> **Task to complete**:
Where an entry contains a picture, omit the picture and repeat the rest exactly.

[Stored dataset items]
────────────────

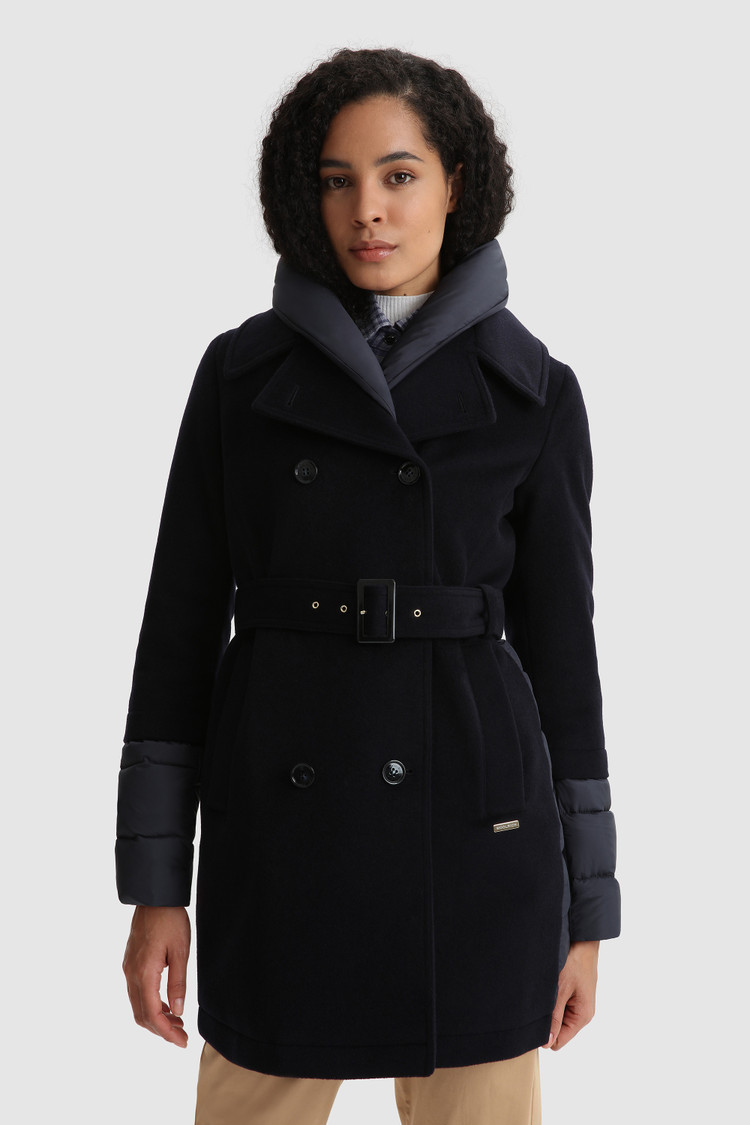 Trench-coat Kuna en laine mélangée italienne avec ceinture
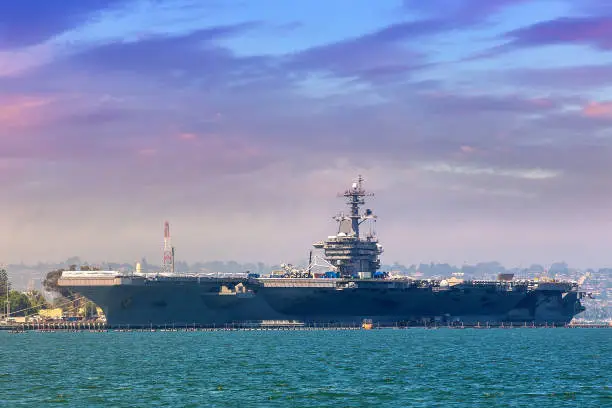 Modern nuclear aircraft carrier in San Diego, California, USA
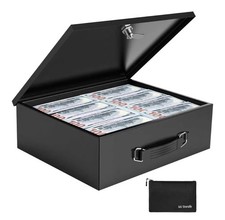 Fireproof Document Box w/ Key Lock & Money Bag Safe Storage Chest Black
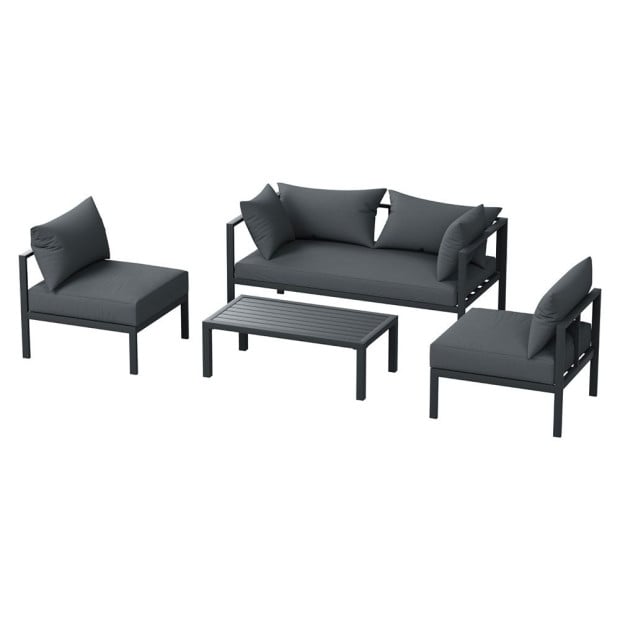 4 Seater Outdoor Sofa Set Aluminium Patio Furniture Setting 4pc Charcoal Image 3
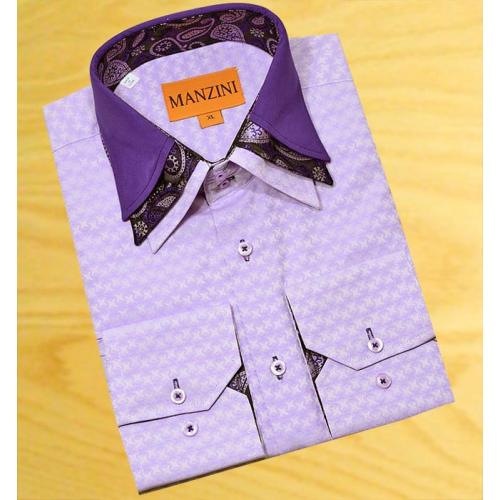 Manzini Lavender Jaquard With Black/ Violet / Lavender Paisley Triple Layered High Collar 100% Cotton Dress Shirt V2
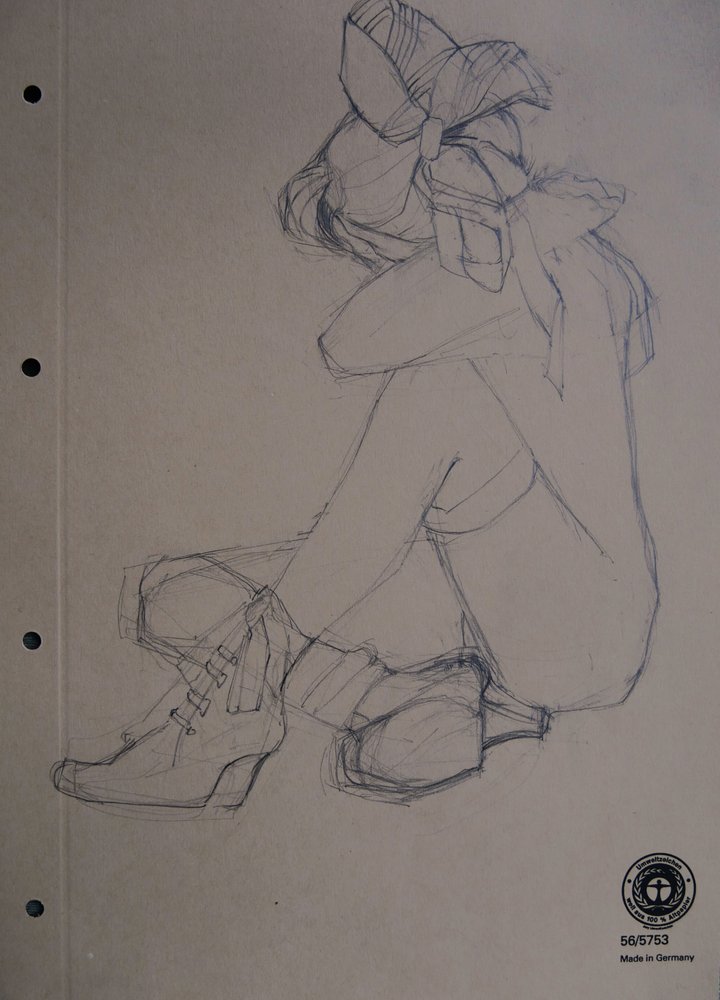 Boceto de una chica pensativa de Doris Schmitz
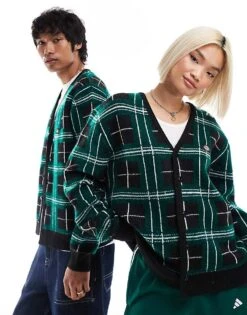 Dickies Knitted Plaid Cardigan In Black And Green For Unisex 11 Dickies Knitted Plaid Cardigan In Black And Green For Unisex -Dickies Shop 206606792 1 black 1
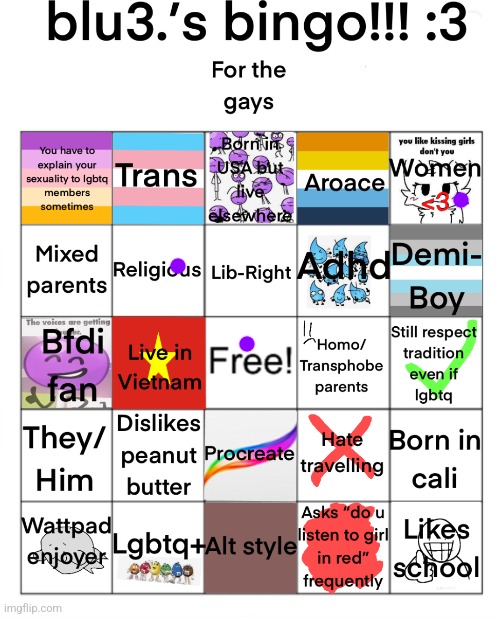 blu3.’s bingo!!! :3 | image tagged in blu3 s bingo 3 | made w/ Imgflip meme maker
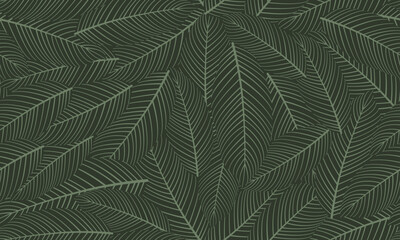 Leaves Seamless Pattern. Abstract Lines Leaves Background. Floral Wallpaper. Botanical Design for Prints, Surface, Home Decoration, Fabric. Vector Illustration.	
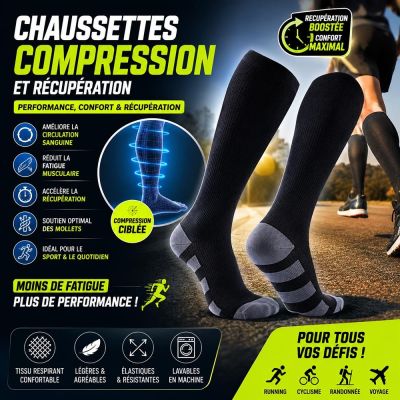 1 paire de chaussettes de compression et récupération
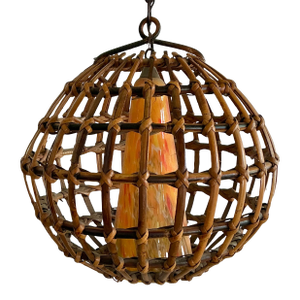 Vintage Boho Cage Rattan and Blown Glass Cone Chandelier
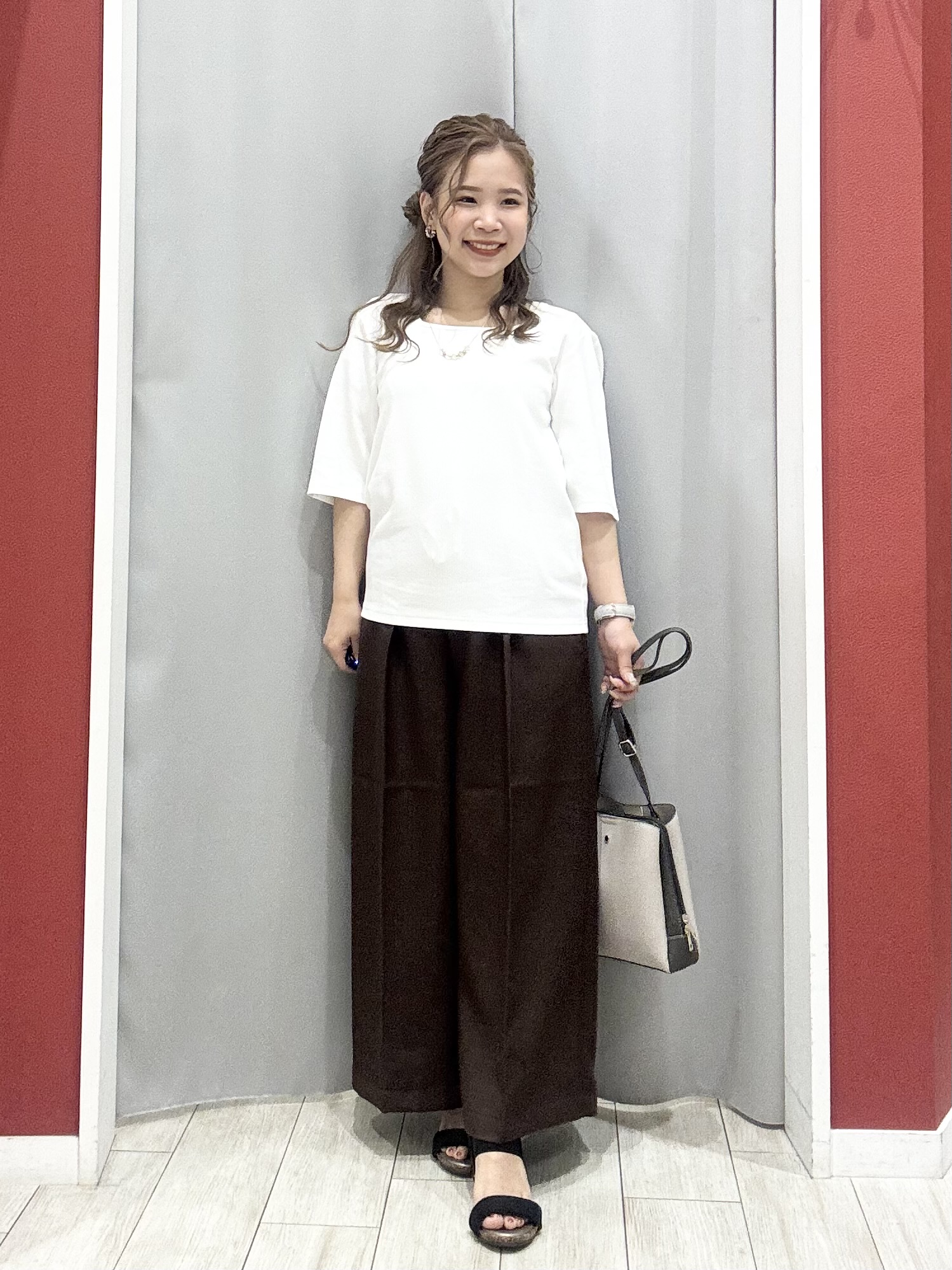 shioさんの「SHOO･LA･RUE｜【ネックアソート】裏ひんやりテレコ5分袖トップス」を使ったコーディネート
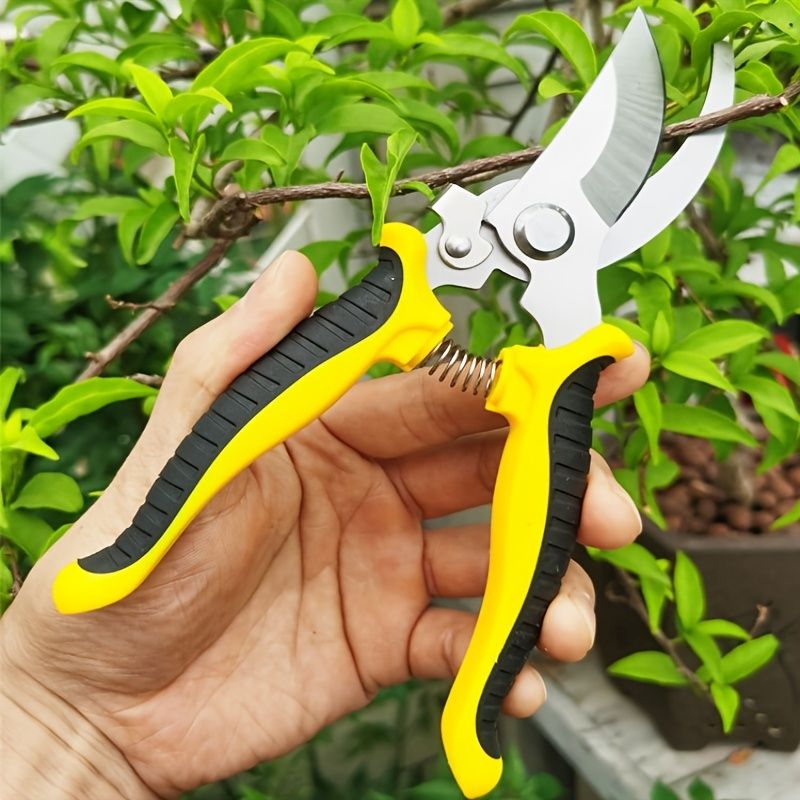 Garden Pruning Shears Branch Scissors Stainless Steel Fruit Scissors Anti-skid Labor-saving Sharp Bypass Pruning Shears Tree Trimmers Secateurs Hand Clippers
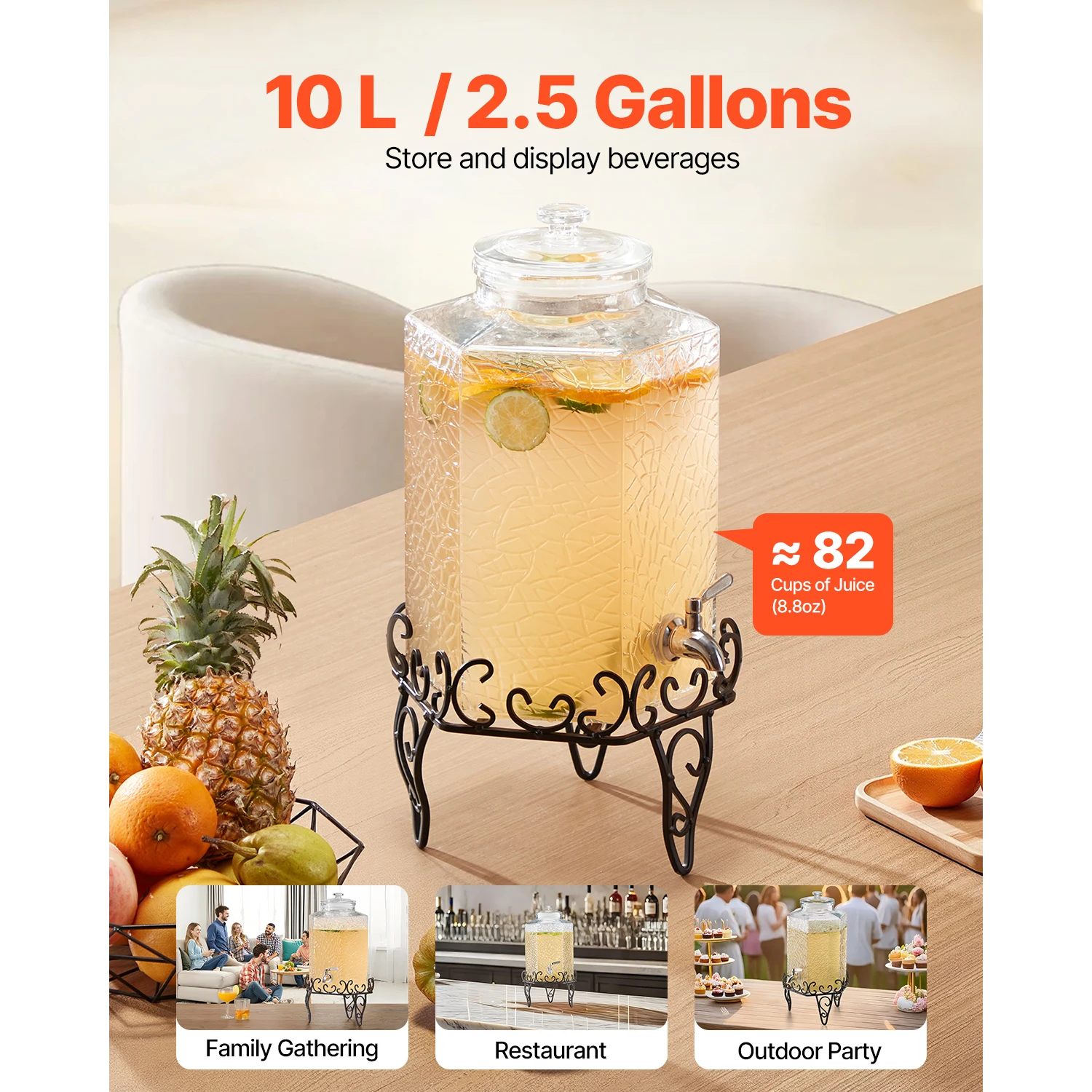 SucceBuy Beverage Dispenser 2.5Gallon Drink Dispensers Glass Juice Dispenser with Metal Stand Stainless Steel Spigot for Parties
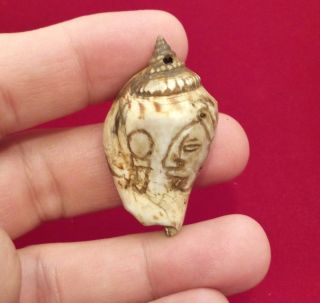 Mayan Incised Shell Pendant - Antique Pre Columbian Artifact photo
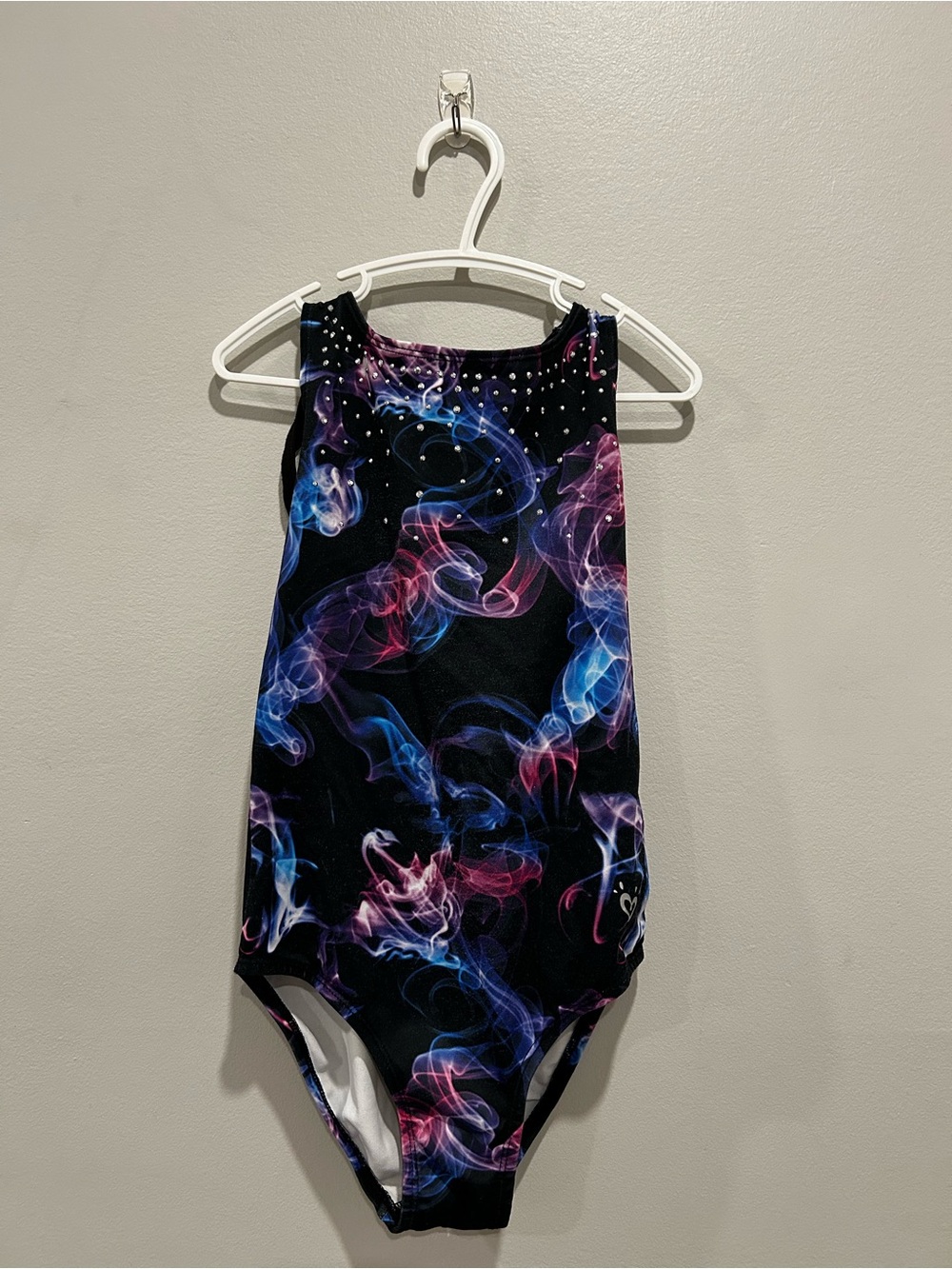 Girls Black Galaxy Smoke Print Gymnastics Leotard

────────────────

> **Task answer**:
 Trench-coat Kuna en laine mélangée italienne avec ceinture
 Modern nuclear aircraft carrier in San Diego, California, USA
 Fireproof Document Box w/ Key Lock & Money Bag Safe Storage Chest Black
 4 Seater Outdoor Sofa Set Aluminium Patio Furniture Setting 4pc Charcoal Image 3
 Manzini Lavender Jaquard With Black/ Violet / Lavender Paisley Triple Layered High Collar 100% Cotton Dress Shirt V2
 Boceto de una chica pensativa de Doris Schmitz
 Dickies Knitted Plaid Cardigan In Black And Green For Unisex 11 Dickies Knitted Plaid Cardigan In Black And Green For Unisex -Dickies Shop 206606792 1 black 1
 blu3.’s bingo!!! :3 | image tagged in blu3 s bingo 3 | made w/ Imgflip meme maker
 Leaves Seamless Pattern. Abstract Lines Leaves Background. Floral Wallpaper. Botanical Design for Prints, Surface, Home Decoration, Fabric. Vector Illustration.	
 1 paire de chaussettes de compression et récupération
 Vintage Boho Cage Rattan and Blown Glass Cone Chandelier
 shioさんの「SHOO･LA･RUE｜【ネックアソート】裏ひんやりテレコ5分袖トップス」を使ったコーディネート
 Garden Pruning Shears Branch Scissors Stainless Steel Fruit Scissors Anti-skid Labor-saving Sharp Bypass Pruning Shears Tree Trimmers Secateurs Hand Clippers
 SucceBuy Beverage Dispenser 2.5Gallon Drink Dispensers Glass Juice Dispenser with Metal Stand Stainless Steel Spigot for Parties
 Mayan Incised Shell Pendant - Antique Pre Columbian Artifact photo
 Girls Black Galaxy Smoke Print Gymnastics Leotard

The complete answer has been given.